农民工群体是我国现代化发展中较为特殊的一个群体。一方面,他们大规模的出现源自我国城市化的发展需求;另一方面,他们的身份受到户籍制度的强力约束。为此,农民工成为中国社会中由制度与文化共同建构的第三种身份。相比那些选择留城的农民工,选择返乡的农民工获得的社会关注相对较少。正如农民工出现具有时代性那样,他们的返乡回归也需得到时代的及时回应。一般来说,农民工返乡后的就业方向主要有务农、就近务工和自主创业三种。近年来,自主创业已成为越来越多农民工返乡后的就业选择。农业农村部统计数据显示,目前全国返乡入乡创业人员已超过1100万人。农民工返乡创业的热情高涨。近几年在新冠肺炎疫情冲击城市就业率的情况下,农民工的返乡创业是一种生存型创业,其创业不仅有助于实现自我就业,也能改善周边地区的就业状况。同时,农民工返乡创业有着自我价值实现的内在驱动。返乡创业无论是对个人发展还是对乡村发展均意义重大。但是,返乡农民工的创业成功率不高,创业能力受到质疑。受国内外经济形势和新冠肺炎疫情的影响,返乡农民工的创业环境也不容乐观。显然,农民工返乡创业面临较为严峻的现实考验。那么,返乡农民工创业究竟面临怎样的现实困境?导致其创业失败或创业绩效不佳的根本性因素是什么?对此,本文尝试深入返乡农民工创业实践,着重探讨返乡农民工创业现实困境的形成机制。

一、研究基础与案例介绍

1.

近年来有关农民工返乡创业的研究主要集中在创业群体特征、创业方向、创业动机、创业模式、创业的影响因素和创业困境等几个方面。其中,有关农民工返乡创业困境的研究受到学者的重点关注。创业本身具有复杂性,这是因为创业面临的困境是多方面的。学界主要从个体和环境两条路径对创业困境的形成原因进行了探讨。从个体角度看,个人的文化程度、工作经验、认知水平、社会资本等因素都可能在一定程度上对创业成功与否产生影响。研究显示,个人缺乏管理经验会削弱农民工创业成功的概率,农民工在务工期间是否担任过中层领导或骨干员工等较高职务直接影响其创业管理能力的大小。不同受教育水平的农民工在获取信息、资金等的社会能力上存在差距,其创业规模也因此存在较大差异。对市场认知度不够、投资和经营存在盲目性和局限性等问题,也会成为农民工的创业短板。以上能力可进一步概括为农民工个体的人力资本。此外,社会网络或社会资本往往被视为个体获得创业机会的重要来源。由于农民工自身的社会关系网存在有限且同质性强等问题,农民工的创业积极性及创业机会均受到不同程度的影响。研究表明,拥有本地强连带关系将有助于农民工创业机会识别,并且关系网络的强度越大、凝聚力越强,其成员越能从中获得资金支持,从而弥补农村正规金融市场的缺陷。

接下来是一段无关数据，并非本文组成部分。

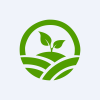 Relative Strength Managed Volatility Strategy ETF company logo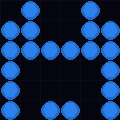 131.255.209.154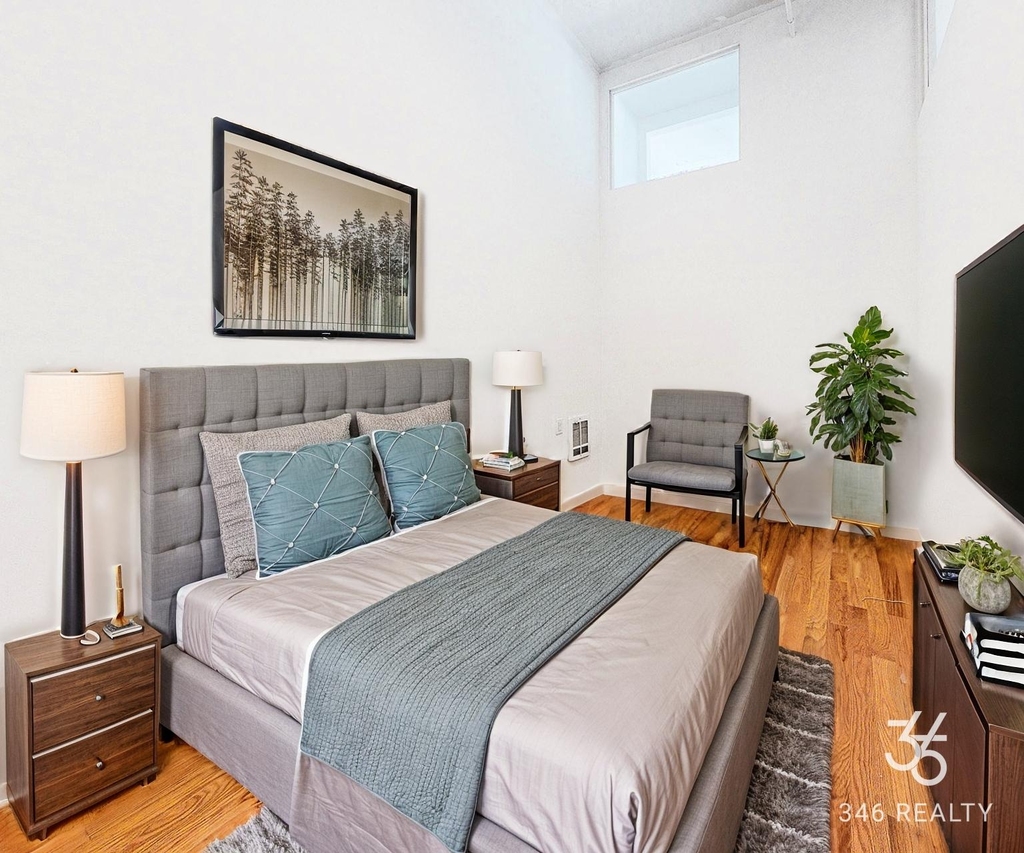 315 Seigel Street - Photo 4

从创业环境看,创业政策、地区经济发展水平、文化环境等宏观结构性因素直接或间接制约着返乡农民工的创业绩效。有研究者提出,农民工外出务工积累的资金比较有限,在缺乏创业金融政策支持的情况下,创业融资较为困难。政府提供有针对性的技术培训将显著提高农民工的创业绩效。地区的制约性表现在区域发展不平衡导致的信息闭塞问题,加剧了创业难度。如民族地区的女性农民工居住环境狭小、信息不畅通等现实问题导致其创业艰难。能否接触互联网并打破数字鸿沟,一定程度上也决定着创业绩效的大小。有关创业与文化环境关系的研究相对较少。已有研究从社会融入角度重点论述了农民工因被动融入与适应问题导致的创业困境。在此过程中,返乡农民工受到城市和家乡的双重排斥,成为“双重边缘人”,其思想意识常在传统与现代的矛盾中徘徊,从而导致创业管理能力不足和创业意识模糊等问题。

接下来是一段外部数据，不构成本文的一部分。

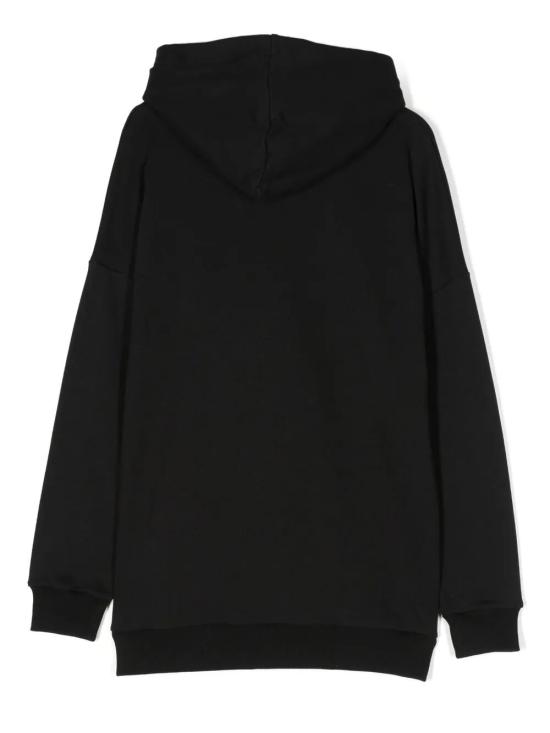  [키즈] 미소니 트레이닝 상의 MT4A40Z0081 930C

可以明确的是,创业失败或创业绩效不佳并不必然因创业能力低下所致,其背后还有着来自制度和环境等结构性因素的制约。但是,现有研究对创业中文化环境的关注不足,尤其对可能由文化环境导致的创业困境的论述也不充分。实际上,多年的外出务工经历使农民工早已熟悉现代工业环境下的处事逻辑,当他们回到家乡创业,在现代文化中习得的逻辑是否依然适用于家乡的人文环境值得商榷。相比制度和经济等结构性因素,文化的影响更为久远和深刻,其对个人意识和思维有直接的形塑作用。从吉登斯结构化理论来看,社会结构制约着人们的社会实践,而人们又在社会实践中创造着社会结构,即一种结构化的社会再生产逻辑。这其中,正是意识因素的连续性支配着人们的行动。而且这种意识实质是人类的共同意识,具有情境关联性。换言之,返乡农民工的创业实践便是发生在社会结构中的行为流,其行动总是自觉或不自觉地受到来自情境关联的某些集体意识的影响和支配。带回现代文化的农民工与深受乡村文化影响的当地人,在意识层面有着实质性的差异,这一差异可能导致结构化过程中的意识冲突。因此,本文尝试以典型个案为依据,从结构化视角出发,将行为意识这一核心要素作为分析重点,在动态互动中考察返乡农民工的创业实践,从而深度把握返乡农民工在创业过程中由文化环境导致的创业困境。

2.

本文研究的田野点位于中国南部某省的桥镇。笔者在2021年6月至9月对桥镇镇政府进行了为期3个月的实地调研,以了解桥镇返乡从业者为主要任务,其间陆续拜访了该镇多位较为知名的青年村支部书记、青年创业者以及其他青年非农从业者。其中一位返乡者是当地一家制衣厂的老板,人称龙老板。龙老板在外务工时间长达20年之久,在积累了过硬技术和管理经验后,决定返回家乡自己创业。龙老板尽管已有开办三家分厂的经验,但办厂创业的过程仍颇为坎坷。龙老板自述其在创业中除要面临资金或技术短缺这些普遍性困难外,还需要解决更为棘手的问题,而这些问题的出现与当地的工人密切相关。在了解了龙老板及其制衣厂的基本情况后,笔者决定将其作为个案研究对象,以深入了解农民工返乡创业背后的故事。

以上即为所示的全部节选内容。